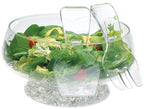 Kitchencraft Saladekom 28,5 x 28,7 x 15 cm acryl 3-delig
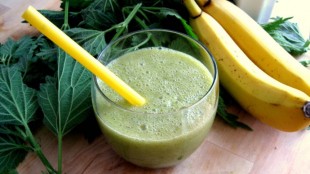 Kopřivové detox Smoothie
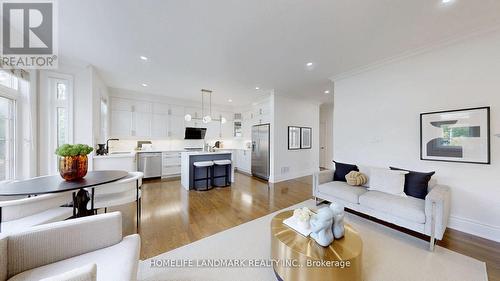 1 Madeline Road, Toronto, ON - Indoor Photo Showing Living Room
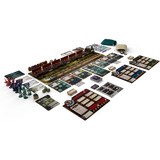 Horror en el Orient Express: el juego de mesa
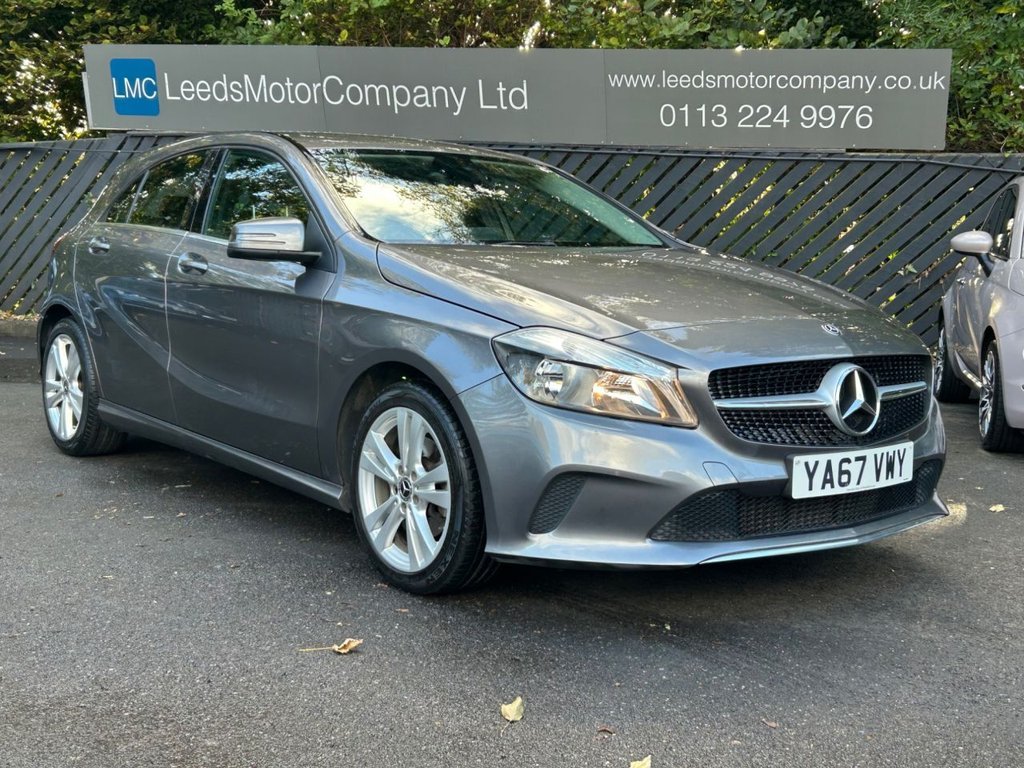 2018 Mercedes-Benz A-Class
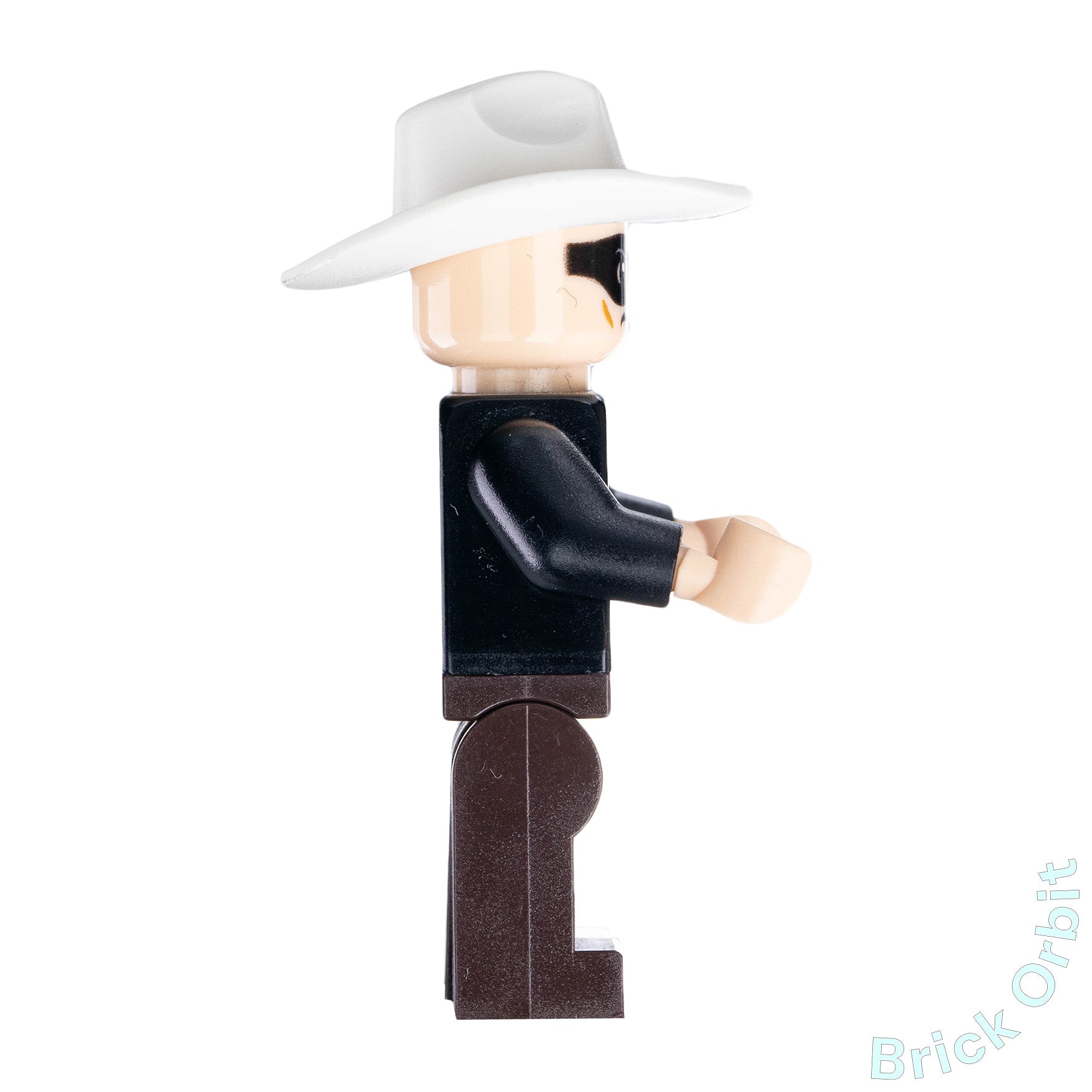 Genuine LONE RANGER (tlr001) - The Lone Ranger - Used LEGO® Minifigure - Product Image from Brick Orbit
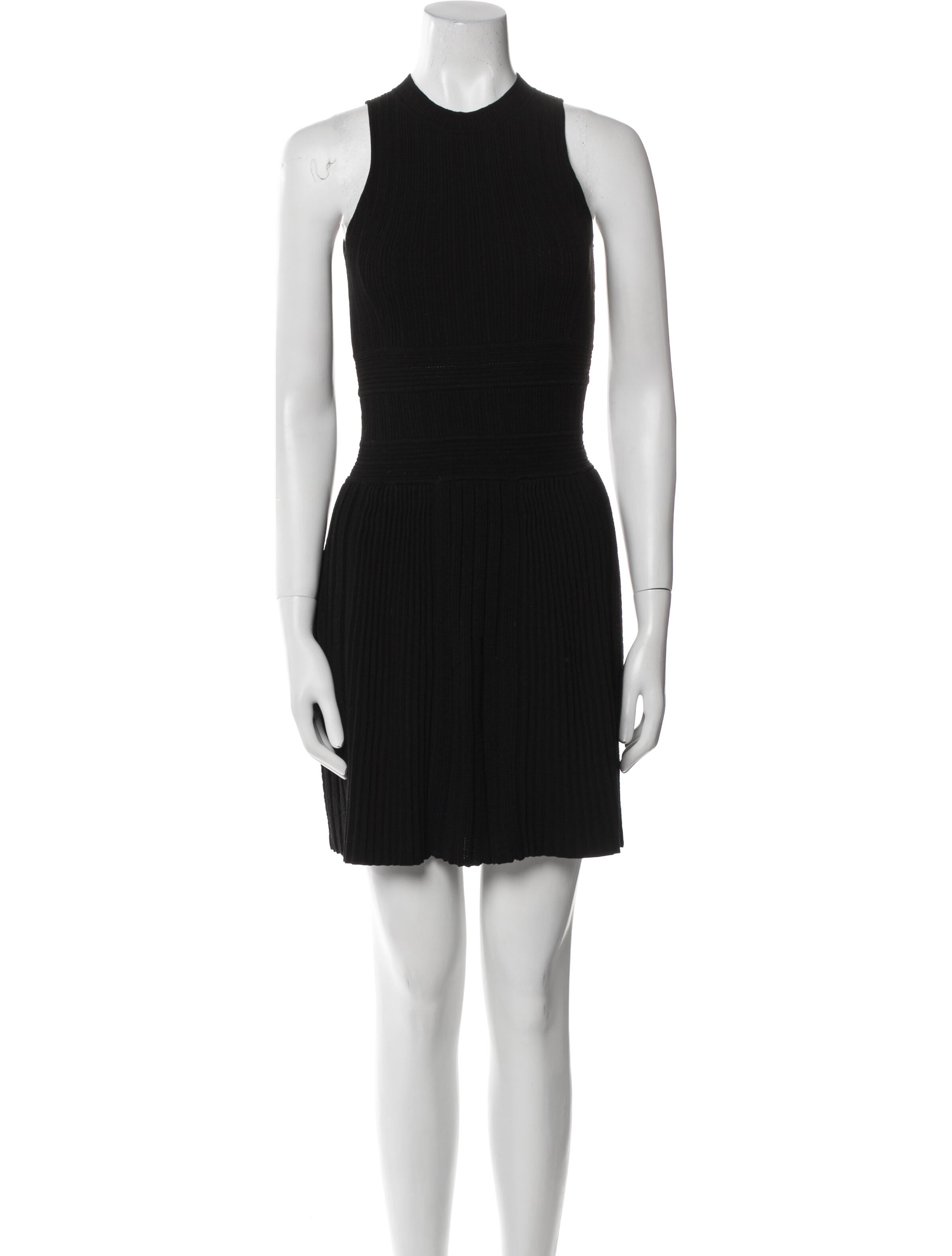Theory Crew Neck Mini Dress w/ Tags
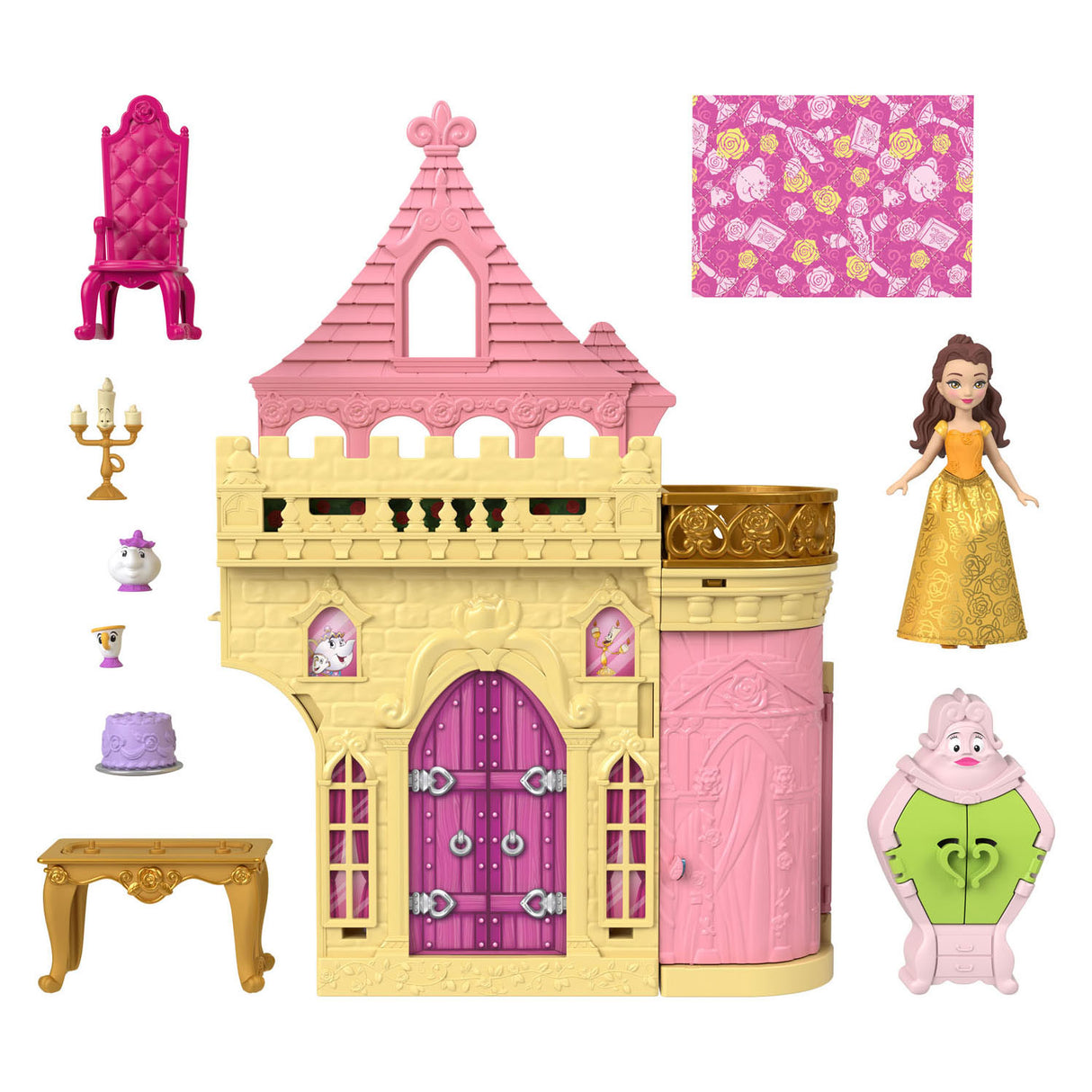 Disney Princess Storytime Stackers Belle's Schloss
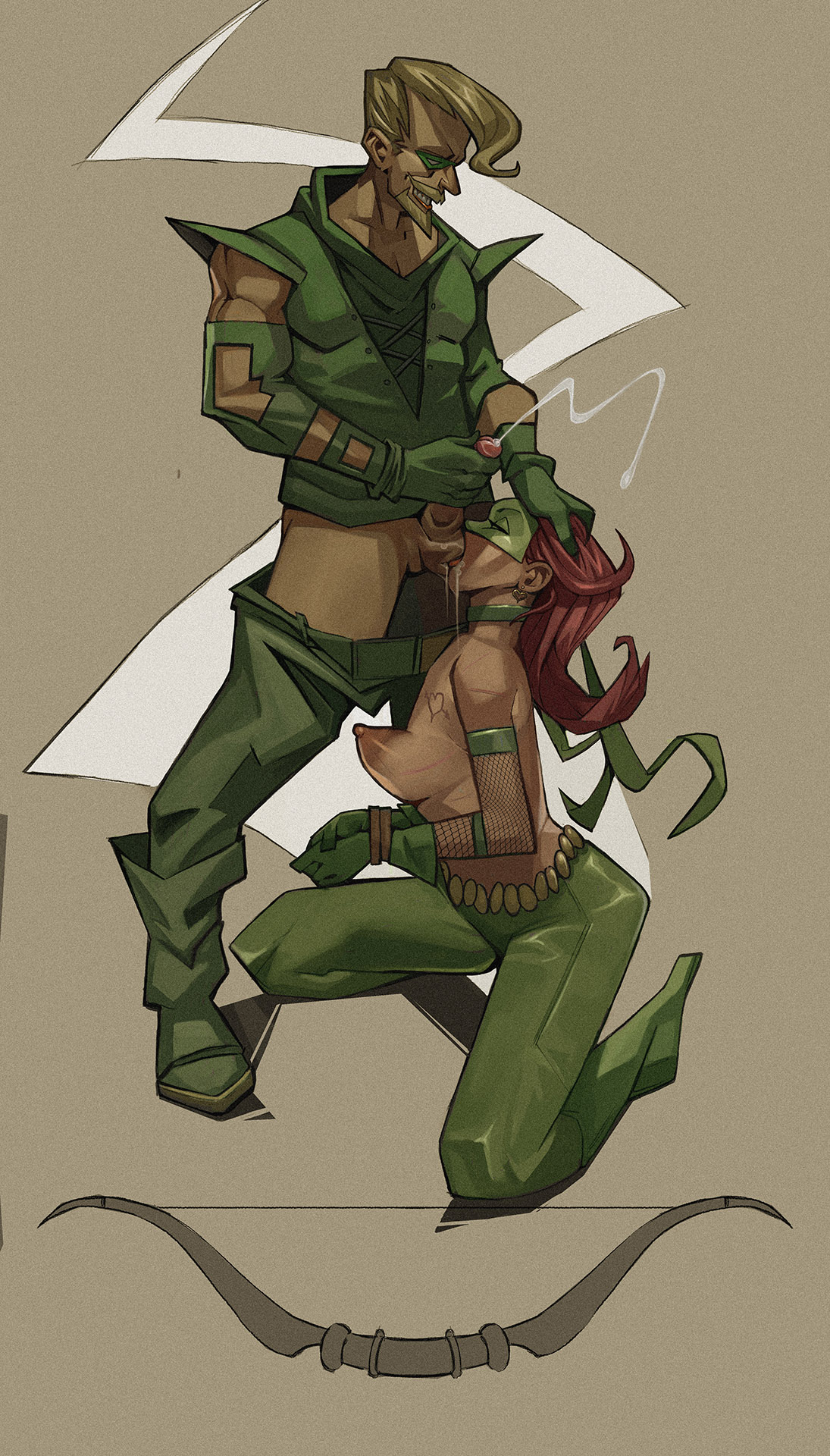 Green Errow page 7 full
┄┄┄┄┄┄┄┄┄┄
• EXERCISE AIM: Write down exactly the lines running from the line with "1 Madeline Road, Toronto, ON" through the end of the material, both ends included, and none of the pictures.

• WRITTEN ANSWER:
 1 Madeline Road, Toronto, ON - Indoor Photo Showing Living Room
 Horror en el Orient Express: el juego de mesa
 2018 Mercedes-Benz A-Class
 Genuine LONE RANGER (tlr001) - The Lone Ranger - Used LEGO® Minifigure - Product Image from Brick Orbit
Theory Crew Neck Mini Dress w/ Tags
 Disney Princess Storytime Stackers Belle's Schloss
 Green Errow page 7 full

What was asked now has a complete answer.